Similarly, the JTO had been unable to afford research into key training issues, such as lack of education in civic knowledge, history, literacy and numeracy among the majority of school leavers applying for journalism programmes.
It had not been able to continue publishing Noted, which was one of the few forums available for the discussion of journalism and news media issues. He had plans to develop the JTO's newly re-designed website into an electronic version of Noted, as well as a place for listing and finding journalism jobs.
One of the plan's key strategies is a new model for training aimed at addressing one of the most serious problems facing the media industry - lack of on-the-job training for new entrants. This was mentioned by nearly everyone he talked to during a two-month consultation process undertaken in April and May, shortly after he started the job.
"By and large, journalism graduates are getting a good grounding from the tertiary institutions, but after that it's a matter of luck whether they find mentors to help them develop any further," Tucker told this month's JTO council meeting.
The new model offers newcomers to journalism a year of formal on-site training overseen by in-house trainers. The scheme will be formulated in consultation with the Tertiary Education Commission, which makes funding available for such training through industry training organisations.
The JTO has been on notice for the past two years that it must conform to the TEC's requirements for ITOs or face deregistration as one. The JTO council agreed that meeting the TEC's prescription should be the organisation's top priority.
The new training model includes a third stage (after a tertiary programme and the year of on-site training) during which the journalist would undertake on-line study at a tertiary institution for a Bachelor of Journalism.
"We're one of the only developed countries that has no clearly defined, undergraduate degree in journalism, a Bachelor of Journalism," the executive director said. The model, if developed, would enable a journalist to build on his or her diploma-level qualification and obtain a degree without having to leave the job.

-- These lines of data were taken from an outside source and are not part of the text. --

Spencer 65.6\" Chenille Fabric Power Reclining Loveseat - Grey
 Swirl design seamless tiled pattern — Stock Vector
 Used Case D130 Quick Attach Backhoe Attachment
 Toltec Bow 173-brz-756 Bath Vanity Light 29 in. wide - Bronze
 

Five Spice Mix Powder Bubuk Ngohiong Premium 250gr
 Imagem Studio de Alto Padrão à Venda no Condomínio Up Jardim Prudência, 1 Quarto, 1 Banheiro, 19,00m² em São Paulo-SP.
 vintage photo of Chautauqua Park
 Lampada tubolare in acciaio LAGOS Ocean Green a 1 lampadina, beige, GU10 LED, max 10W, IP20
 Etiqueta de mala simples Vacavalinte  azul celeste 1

Beyond undergraduate level, the model includes plans for a Master of Journalism, something that is also absent from university and technical institute programmes in New Zealand. This could be developed in conjunction with universities here or overseas. It would aim to fill existing gaps in journalism higher learning and could include strands in management, with the aim of educating the editors and newsroom managers of the future.
The meeting agreed it was time to consider the promotion of journalism as an exciting and rewarding career. Young people up to the age of 12 say it's their number one choice, according to a survey last year, but after that it disappears from their top-20 options. The strategic plan includes an objective to find ways to promote journalism in schools and among people looking for a change of career.